India’s two prominent and famous stock exchanges are the Bombay Stock Exchange and the National Stock Exchange. Both the exchanges follow the regulations set forth by the SEBI. Apart from that, the NSE also requires the potential companies to have operational cash accruals for the past two years, making SPACs unqualified for listing. However, it can also be seen that SPACs in India had been successfully listed on eminent exchanges like the NASDAQ.
Besides the above laws and acts, Garg et al. had also identified the Foreign Exchange Management Regulations (2017) and SEBI Regulations (2018) as having a remarkable impact on the Indian SPAC mergers. For instance, the Takeover Code can only be applicable when the target company or companies are listed. In that case, the code sets severe restrictions on the type and extent of control that can be obtained while further increasing the time required for carrying out the transactions. Whereas the FEMR is only applicable when the target or the SPAC is listed on a foreign exchange market or when an Indian SPAC gets its investment from foreign investors. However, the FEMR guidelines only allow overseas investment after applying to the RBI (Reserve Bank of India). However, the 2018 FEMR Cross Border Regulation allows both outbound and inbound mergers subjected to compliance to all relevant regulations and laws.
Possible regulatory amendments and future of SPACs in India
As stated above, some of India’s existing rules and regulations are unfavorable for the development of SPACs. These regulations need to be redesigned to free them of their archaic nature. This would help in bringing a fresh outlook to the Indian state of the economy.
Policymakers need to redefine shell companies more effectively to alter the negative perceptions about shell companies primarily used as a vehicle of money laundering. A separate committee should be constituted for studying the potential influence of SPACs in the Indian economy, especially towards improving the start-up industry. Moreover, India also requires specific SPAC-targeted laws as they are different from the standard companies that go through regular IPOs.
Therefore, the Company’s Act needs to incorporate a separate chapter covering essential elements like SPAC incorporation, compliance, and the governance aspects related to the shareholders, board, and the management associated with the SPAC. A SPAC gets to work under standard provisions after it has concluded its acquisition. Therefore, separate chapters and provisions are required for facilitating all the applicable listing requirements and laws in terms of SPAC acquisitions. The Income Tax Law of India should also incorporate SPACs under their deductions and exemptions that are presently available only for angel investors, VCs, and start-ups.
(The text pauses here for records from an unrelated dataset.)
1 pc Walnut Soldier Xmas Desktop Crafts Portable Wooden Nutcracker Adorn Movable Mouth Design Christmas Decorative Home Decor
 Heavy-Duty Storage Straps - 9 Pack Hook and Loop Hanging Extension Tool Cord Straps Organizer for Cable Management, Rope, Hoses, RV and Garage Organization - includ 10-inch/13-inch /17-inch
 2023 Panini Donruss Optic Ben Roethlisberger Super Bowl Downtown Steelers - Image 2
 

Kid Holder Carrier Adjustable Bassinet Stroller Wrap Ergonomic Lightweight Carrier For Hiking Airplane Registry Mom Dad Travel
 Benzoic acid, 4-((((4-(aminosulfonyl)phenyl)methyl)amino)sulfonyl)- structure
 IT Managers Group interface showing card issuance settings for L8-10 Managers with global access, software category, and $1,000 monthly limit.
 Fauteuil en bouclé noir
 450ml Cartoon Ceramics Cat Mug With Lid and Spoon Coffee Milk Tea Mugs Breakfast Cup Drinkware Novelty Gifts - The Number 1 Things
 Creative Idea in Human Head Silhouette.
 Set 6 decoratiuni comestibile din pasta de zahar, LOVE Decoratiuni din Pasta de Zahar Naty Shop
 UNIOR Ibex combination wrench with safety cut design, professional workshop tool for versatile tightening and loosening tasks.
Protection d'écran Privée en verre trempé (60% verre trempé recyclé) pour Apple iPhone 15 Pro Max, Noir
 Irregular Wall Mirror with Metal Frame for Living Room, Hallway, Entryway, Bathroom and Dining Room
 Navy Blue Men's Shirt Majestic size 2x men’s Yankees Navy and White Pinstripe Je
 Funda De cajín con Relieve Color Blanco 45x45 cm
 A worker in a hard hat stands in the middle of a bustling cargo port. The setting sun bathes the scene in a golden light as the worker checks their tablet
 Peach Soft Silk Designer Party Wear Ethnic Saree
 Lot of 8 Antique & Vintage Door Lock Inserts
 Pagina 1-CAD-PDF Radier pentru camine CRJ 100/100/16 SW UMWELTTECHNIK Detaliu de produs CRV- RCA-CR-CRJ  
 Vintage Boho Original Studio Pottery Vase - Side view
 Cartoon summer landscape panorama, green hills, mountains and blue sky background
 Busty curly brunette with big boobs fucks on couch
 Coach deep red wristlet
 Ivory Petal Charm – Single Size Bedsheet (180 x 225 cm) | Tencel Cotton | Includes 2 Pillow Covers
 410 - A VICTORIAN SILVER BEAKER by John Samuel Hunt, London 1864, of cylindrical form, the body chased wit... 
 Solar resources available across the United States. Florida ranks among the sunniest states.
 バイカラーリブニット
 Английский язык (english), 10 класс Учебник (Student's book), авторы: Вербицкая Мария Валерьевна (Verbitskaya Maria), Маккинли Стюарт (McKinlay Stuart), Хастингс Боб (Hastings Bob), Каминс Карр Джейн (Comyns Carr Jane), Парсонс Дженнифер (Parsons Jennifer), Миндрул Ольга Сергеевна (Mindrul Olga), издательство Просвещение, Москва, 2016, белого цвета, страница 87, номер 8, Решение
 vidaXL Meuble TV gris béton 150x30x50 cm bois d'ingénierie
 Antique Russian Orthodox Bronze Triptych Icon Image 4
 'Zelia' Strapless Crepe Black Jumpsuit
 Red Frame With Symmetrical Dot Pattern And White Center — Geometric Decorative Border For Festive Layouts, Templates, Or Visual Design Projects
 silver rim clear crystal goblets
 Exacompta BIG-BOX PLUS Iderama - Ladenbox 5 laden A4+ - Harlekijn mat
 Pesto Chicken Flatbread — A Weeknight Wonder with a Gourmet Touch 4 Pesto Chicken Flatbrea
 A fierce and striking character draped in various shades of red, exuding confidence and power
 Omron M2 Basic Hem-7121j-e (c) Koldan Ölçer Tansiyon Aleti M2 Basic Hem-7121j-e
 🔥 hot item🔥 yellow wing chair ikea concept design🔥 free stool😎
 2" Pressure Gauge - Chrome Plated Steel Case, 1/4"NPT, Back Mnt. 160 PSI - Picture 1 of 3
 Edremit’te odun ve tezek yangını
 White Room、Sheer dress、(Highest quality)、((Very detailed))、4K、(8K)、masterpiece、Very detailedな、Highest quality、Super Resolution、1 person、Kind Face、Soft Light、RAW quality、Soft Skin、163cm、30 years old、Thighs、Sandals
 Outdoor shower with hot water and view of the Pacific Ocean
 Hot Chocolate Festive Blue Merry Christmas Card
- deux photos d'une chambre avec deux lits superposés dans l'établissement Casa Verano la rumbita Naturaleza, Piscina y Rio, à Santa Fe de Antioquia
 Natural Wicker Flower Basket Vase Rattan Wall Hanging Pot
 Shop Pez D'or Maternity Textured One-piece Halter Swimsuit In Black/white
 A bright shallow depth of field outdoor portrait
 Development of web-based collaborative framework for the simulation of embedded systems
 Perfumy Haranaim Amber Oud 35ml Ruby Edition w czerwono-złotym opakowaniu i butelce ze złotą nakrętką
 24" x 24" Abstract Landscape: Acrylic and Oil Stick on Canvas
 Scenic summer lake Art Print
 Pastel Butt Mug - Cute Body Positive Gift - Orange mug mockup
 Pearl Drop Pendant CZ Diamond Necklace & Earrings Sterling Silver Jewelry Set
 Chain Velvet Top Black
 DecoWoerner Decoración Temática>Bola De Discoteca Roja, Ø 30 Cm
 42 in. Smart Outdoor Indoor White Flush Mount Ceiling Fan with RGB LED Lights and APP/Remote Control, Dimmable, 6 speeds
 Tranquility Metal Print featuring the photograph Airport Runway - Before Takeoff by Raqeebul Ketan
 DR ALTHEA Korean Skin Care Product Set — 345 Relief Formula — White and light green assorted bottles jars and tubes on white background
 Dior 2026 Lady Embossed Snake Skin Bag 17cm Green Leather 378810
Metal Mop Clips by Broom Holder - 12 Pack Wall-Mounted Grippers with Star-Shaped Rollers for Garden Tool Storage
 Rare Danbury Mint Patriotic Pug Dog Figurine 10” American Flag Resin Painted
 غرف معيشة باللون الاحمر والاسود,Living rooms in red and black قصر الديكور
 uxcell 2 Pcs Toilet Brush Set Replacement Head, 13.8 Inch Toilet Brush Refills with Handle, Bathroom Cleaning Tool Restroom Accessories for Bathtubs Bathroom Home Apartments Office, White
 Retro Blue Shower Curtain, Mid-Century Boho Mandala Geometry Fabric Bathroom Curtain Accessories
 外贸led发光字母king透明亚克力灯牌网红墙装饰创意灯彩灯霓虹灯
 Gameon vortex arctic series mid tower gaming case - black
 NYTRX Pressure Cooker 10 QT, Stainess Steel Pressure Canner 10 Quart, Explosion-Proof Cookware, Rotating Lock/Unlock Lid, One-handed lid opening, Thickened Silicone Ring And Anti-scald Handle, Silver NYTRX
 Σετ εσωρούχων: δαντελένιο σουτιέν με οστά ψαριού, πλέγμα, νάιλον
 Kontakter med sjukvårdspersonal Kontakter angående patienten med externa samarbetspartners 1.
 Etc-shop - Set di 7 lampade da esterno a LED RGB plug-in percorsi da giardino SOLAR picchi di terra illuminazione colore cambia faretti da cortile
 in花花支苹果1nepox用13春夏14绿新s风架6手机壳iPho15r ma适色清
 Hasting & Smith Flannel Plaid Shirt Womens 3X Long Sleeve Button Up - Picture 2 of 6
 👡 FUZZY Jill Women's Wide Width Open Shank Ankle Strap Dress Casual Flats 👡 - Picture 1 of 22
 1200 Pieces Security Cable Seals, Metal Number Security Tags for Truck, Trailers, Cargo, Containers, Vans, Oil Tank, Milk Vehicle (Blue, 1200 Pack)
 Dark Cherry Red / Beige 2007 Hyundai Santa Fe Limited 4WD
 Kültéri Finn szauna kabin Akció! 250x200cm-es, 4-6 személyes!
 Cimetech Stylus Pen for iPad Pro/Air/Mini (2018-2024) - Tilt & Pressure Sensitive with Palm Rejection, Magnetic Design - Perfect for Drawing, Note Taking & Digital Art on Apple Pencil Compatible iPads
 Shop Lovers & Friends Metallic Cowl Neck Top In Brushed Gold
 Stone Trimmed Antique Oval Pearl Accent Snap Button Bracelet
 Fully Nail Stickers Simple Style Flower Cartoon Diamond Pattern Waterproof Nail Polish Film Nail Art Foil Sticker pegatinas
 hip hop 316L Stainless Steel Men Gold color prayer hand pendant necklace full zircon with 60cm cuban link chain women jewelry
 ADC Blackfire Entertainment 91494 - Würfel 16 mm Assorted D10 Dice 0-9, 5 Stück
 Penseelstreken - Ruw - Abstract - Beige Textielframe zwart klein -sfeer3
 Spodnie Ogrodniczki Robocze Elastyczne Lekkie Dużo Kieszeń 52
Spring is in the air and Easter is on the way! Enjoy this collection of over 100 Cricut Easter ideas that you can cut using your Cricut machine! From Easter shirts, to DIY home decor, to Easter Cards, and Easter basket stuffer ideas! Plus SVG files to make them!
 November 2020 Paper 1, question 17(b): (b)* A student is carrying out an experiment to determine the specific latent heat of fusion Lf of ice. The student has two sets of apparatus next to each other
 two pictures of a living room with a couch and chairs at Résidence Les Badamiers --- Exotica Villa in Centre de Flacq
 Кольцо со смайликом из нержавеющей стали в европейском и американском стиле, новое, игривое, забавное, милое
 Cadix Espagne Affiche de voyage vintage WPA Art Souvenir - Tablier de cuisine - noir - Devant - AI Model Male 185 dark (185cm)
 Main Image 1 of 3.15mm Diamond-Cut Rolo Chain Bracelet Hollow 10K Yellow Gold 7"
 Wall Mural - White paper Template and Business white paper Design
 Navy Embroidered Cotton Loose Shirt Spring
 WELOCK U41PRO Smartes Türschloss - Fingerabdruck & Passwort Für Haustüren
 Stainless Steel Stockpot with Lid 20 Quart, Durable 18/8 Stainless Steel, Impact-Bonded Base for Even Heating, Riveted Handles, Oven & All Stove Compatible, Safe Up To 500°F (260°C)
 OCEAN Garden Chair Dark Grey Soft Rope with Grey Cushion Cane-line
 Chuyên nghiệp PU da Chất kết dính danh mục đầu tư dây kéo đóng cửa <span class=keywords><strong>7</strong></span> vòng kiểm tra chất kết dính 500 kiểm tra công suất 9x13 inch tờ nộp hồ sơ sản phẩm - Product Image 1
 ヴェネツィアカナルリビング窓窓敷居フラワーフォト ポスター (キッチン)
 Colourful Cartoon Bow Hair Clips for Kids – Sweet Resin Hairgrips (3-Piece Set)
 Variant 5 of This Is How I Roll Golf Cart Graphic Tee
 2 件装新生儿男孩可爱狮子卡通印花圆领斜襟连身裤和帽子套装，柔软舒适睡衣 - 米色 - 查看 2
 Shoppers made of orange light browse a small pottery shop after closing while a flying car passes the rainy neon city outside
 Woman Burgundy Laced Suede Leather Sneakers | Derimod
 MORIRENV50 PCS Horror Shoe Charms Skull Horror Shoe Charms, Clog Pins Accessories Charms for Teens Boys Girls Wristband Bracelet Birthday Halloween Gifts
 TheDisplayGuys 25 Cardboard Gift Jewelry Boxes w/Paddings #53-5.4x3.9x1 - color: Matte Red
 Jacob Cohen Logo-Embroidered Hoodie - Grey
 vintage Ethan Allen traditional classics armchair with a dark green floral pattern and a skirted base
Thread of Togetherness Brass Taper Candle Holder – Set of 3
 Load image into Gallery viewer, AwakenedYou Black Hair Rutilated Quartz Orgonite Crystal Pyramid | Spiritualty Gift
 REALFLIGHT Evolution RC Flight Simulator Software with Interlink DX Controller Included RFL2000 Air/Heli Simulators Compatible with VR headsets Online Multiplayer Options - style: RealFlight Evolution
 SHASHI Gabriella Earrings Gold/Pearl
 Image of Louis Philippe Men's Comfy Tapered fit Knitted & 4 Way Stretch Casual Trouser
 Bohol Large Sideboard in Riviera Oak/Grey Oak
India Inc has witnessed rapid change in recent years. McKinsey has seized the capital market of India at approximately $140bn. Studies have suggested that more extended capital markets can also help release $100 billion of new funding every year that would effectively accelerate the growth of the Indian industry. Therefore, the regulators must adopt a new approach towards SPAC investment, thereby unlocking various prospects offered by these structures.